The recommendations were developed by the President’s Working Group on Financial Markets, a group that includes the Treasury Secretary, the chairman of the Federal Reserve and the government’s top financial regulators.
Mr. Paulson said the government was going to demand greater “transparency” from banks and Wall Street firms, stronger risk management and capital management and a better trading system for complex financial derivatives, such as collateralized debt obligations, that managed to transform risky subprime mortgages into securities with Triple-A ratings.
Echoing measures that Congressional Democrats have been drafting, the presidential group called for tougher state and federal regulation of mortgage lenders and a nationwide set of licensing and registration standards for mortgage brokers.

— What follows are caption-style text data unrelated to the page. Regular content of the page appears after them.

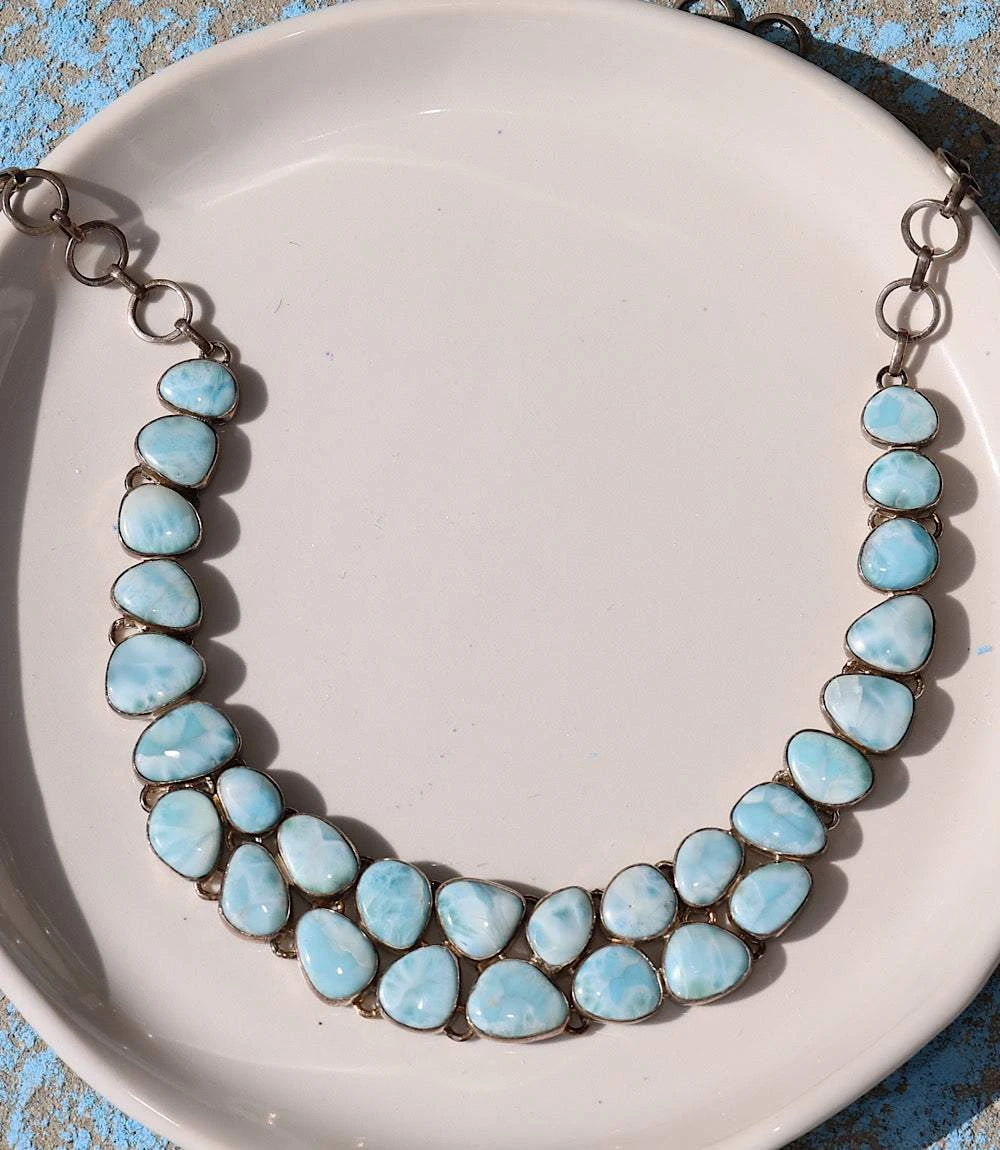 Larimar Station Necklace 1 Larimar Station Necklace
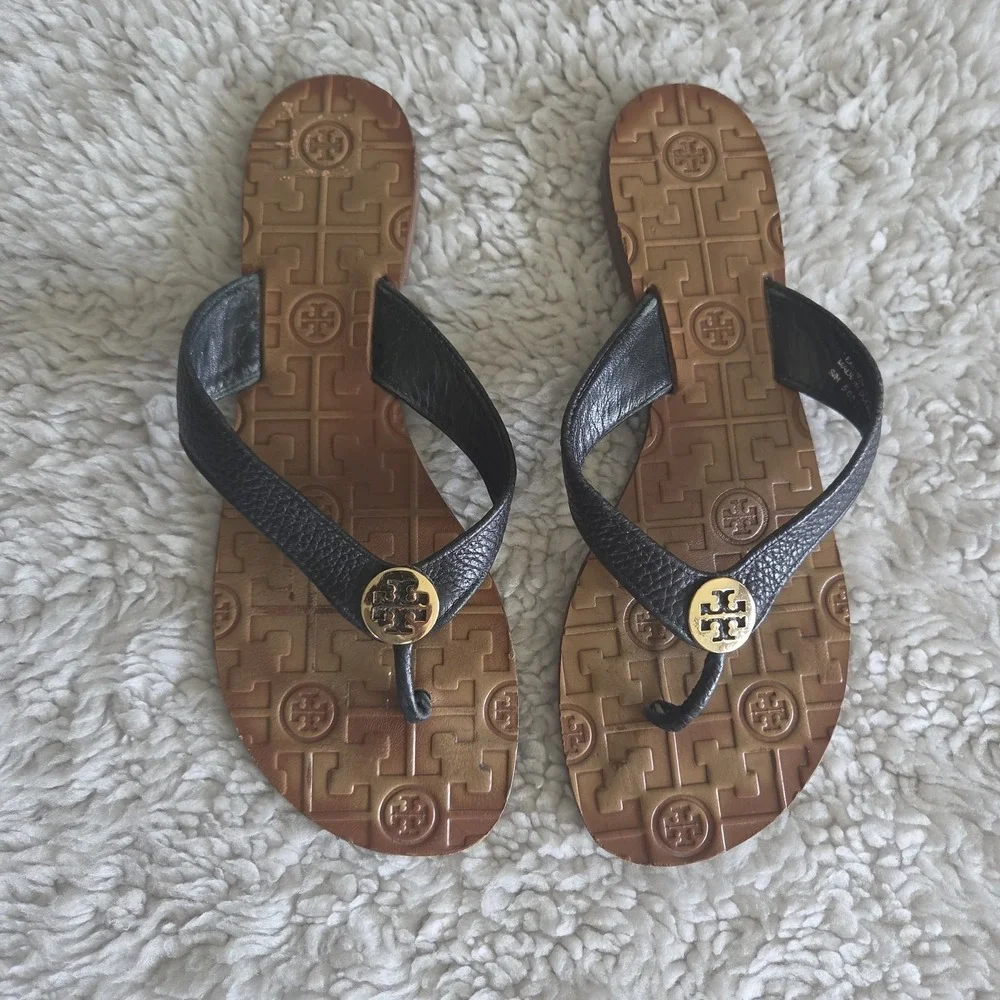 Tory Burch Thora Leather Flip Flops Flat Sandals Women's 8M Black Brown Gold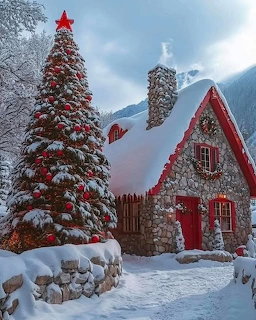 Snow-covered stone cottage with red accents and Christmas tree in winter mountain setting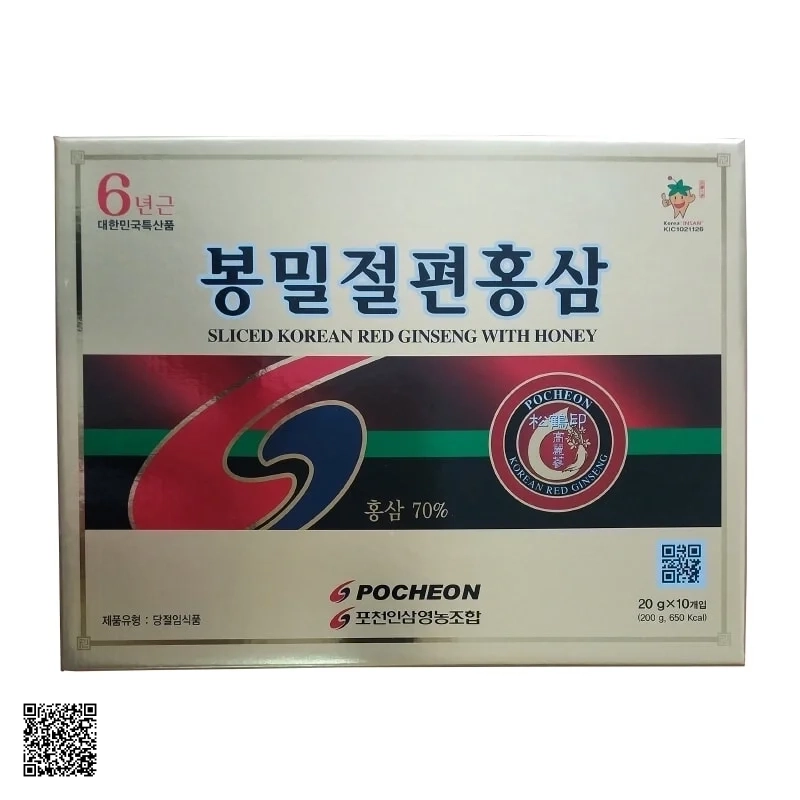 Hồng Sâm Lát Tẩm Mật Ong Pocheon Sliced Korean Red Ginseng With Honey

That reflects a widespread criticism by many experts and policymakers, who have argued that millions of mortgages were originated by independent mortgage brokers who often had no concern about credit quality because they simply passed the mortgages to finance companies that in turn resold them to Wall Street firms and ultimately investors around the world.
Mr. Paulson took particular aim at credit-rating agencies, such as Moody’s, Standard & Poor’s and Fitch, which gave AAA ratings to billions of dollars in mortgage-backed securities that turned out to be filled with delinquent loans.

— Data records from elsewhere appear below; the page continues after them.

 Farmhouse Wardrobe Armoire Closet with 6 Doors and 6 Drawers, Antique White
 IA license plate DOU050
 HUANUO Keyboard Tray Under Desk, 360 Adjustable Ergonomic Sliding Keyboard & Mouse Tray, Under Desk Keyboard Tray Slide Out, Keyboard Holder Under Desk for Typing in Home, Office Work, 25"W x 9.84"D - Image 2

Mr. Paulson said the rating agencies would have enforce policies about disclosing their conflicts of interest, an allusion to criticisms that the agencies were typically paid for their ratings by the investment banks who only paid once they had sold their securities to investors.
In addition, Mr. Paulson said the president’s group would push the rating agencies to “clearly differentiate” between the ratings for complicated structured investment products, which investors may not have understood, and the ratings for more conventional corporate bonds and municipal securities.
Issuers of mortgage-backed securities, in turn, would be required to disclose “more granular information” about the quality of the underlying loans and their procedures for verifying the information in those loans.
Mr. Paulson offered few details on how the rules might work and some of his recommendations amounted to little more than demands that investors and financial institutions take greater care in analyzing and managing their risks,
“No silver bullet exists to prevent past excesses from recurring,” Mr. Paulson said, adding that the recommendations were a “good start” and that the administration would release a “regulatory blueprint” in the next few weeks.
Senator Charles E. Schumer, the New York Democrat who is a member of the Banking, Housing and Urban Affairs and Finance committees, was both positive and critical about the proposals, saying in a statement: “The administration is finally moving towards where Congress was last year. The good news is, they’re beginning to put their toe in the water when it comes to government involvement to help the economy.
The bad news is, they’re going to have to do a lot more than that to address the problem. We need government action not only to solve the current crisis, but also to prevent a future one.”